» **Data provided**:
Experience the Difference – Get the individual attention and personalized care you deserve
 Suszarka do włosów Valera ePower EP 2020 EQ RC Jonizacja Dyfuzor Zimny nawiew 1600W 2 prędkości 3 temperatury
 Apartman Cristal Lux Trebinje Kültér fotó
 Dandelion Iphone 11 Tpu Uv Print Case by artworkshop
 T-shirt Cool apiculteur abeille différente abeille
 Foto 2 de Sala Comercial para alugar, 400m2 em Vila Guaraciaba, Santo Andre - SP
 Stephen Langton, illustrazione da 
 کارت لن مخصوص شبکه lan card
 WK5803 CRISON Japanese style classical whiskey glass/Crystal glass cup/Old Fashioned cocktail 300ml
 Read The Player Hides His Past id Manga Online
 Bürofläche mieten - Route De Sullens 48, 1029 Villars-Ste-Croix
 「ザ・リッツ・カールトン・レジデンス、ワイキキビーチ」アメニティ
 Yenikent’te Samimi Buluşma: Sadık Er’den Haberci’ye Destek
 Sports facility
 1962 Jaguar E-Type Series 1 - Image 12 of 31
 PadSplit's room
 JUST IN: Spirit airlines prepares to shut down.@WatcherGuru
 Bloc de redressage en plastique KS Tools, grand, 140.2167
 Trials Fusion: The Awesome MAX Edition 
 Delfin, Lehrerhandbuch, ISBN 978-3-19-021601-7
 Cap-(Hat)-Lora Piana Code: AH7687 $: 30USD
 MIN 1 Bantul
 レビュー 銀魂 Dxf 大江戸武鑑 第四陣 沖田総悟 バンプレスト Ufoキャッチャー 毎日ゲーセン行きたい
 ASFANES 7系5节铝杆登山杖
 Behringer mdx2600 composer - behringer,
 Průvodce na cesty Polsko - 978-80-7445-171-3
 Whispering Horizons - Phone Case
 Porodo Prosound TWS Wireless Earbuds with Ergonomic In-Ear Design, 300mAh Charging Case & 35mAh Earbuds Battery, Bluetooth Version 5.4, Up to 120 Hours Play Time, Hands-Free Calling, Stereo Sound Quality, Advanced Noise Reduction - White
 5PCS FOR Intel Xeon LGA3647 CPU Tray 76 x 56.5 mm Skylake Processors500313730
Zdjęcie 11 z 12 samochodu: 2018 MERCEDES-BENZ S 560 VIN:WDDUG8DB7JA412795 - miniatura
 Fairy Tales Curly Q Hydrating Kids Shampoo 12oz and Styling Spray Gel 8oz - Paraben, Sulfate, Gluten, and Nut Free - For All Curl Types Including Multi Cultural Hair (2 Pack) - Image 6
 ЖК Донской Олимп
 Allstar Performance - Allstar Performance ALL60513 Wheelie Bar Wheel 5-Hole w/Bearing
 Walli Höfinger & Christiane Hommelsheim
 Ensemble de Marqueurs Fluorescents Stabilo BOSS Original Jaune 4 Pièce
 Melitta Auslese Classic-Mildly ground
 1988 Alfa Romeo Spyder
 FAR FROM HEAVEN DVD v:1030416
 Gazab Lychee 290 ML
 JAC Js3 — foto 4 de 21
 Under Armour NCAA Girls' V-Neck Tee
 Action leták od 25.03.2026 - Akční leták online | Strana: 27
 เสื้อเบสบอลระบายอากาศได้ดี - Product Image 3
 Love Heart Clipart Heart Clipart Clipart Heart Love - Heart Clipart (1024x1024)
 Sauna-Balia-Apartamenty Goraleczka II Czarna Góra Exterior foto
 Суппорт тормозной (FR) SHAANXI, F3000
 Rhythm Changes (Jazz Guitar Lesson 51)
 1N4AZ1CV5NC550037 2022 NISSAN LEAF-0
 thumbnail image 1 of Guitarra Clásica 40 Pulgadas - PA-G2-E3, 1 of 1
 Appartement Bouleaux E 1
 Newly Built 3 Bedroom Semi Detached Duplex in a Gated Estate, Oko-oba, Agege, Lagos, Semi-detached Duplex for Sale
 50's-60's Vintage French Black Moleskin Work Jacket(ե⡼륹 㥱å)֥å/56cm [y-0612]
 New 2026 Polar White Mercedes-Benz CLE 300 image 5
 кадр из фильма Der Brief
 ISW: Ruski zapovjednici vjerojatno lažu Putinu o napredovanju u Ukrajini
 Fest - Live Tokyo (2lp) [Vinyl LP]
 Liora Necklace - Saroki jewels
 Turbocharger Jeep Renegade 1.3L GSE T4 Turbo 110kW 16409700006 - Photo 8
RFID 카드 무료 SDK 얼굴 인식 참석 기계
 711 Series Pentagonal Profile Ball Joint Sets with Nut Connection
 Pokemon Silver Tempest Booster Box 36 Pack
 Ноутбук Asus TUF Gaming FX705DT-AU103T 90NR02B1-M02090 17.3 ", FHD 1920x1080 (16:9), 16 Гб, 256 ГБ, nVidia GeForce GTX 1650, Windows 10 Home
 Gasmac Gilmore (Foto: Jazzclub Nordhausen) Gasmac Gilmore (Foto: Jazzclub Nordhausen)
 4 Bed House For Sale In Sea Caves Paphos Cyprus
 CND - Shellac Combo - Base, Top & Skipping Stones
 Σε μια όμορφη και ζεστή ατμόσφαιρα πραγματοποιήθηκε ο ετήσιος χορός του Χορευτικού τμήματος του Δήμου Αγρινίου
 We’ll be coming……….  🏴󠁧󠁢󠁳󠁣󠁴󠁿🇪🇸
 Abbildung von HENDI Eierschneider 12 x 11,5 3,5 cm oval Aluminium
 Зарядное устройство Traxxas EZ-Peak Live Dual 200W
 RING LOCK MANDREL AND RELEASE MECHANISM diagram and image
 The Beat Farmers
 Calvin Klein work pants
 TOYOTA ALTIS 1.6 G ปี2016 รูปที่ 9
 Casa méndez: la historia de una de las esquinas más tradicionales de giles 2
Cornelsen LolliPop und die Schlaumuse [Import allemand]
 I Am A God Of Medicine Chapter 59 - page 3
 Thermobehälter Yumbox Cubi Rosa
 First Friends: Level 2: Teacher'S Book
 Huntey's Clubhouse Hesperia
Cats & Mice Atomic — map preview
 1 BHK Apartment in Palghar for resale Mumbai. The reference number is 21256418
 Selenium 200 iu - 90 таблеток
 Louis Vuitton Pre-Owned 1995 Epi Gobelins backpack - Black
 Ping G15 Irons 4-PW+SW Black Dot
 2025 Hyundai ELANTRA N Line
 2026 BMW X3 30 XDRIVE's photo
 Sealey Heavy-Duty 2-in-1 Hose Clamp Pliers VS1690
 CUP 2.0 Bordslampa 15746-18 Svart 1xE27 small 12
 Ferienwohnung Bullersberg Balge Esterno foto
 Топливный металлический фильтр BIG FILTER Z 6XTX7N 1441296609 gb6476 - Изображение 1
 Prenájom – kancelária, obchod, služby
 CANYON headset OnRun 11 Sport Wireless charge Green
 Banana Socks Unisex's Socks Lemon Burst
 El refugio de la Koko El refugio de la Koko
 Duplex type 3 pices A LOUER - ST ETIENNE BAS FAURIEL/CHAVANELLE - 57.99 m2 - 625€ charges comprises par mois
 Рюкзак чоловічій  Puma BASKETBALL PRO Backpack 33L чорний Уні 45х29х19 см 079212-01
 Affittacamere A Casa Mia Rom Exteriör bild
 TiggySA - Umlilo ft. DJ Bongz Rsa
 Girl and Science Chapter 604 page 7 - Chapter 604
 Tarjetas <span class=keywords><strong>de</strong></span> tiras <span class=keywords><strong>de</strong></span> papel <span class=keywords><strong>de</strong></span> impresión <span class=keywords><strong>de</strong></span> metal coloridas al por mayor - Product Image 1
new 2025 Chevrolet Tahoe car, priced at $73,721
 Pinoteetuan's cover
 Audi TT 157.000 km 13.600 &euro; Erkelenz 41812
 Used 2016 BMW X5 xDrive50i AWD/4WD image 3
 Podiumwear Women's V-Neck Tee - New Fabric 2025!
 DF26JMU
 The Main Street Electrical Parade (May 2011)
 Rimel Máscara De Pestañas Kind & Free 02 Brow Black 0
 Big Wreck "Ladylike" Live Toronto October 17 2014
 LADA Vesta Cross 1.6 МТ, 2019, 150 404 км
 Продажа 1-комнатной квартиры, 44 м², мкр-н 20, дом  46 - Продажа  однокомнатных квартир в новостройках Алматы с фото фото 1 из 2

» **What you will do**: Return each line of the entries that holds the string "Chapter".

» **Expected output**:
 I Am A God Of Medicine Chapter 59 - page 3
 Girl and Science Chapter 604 page 7 - Chapter 604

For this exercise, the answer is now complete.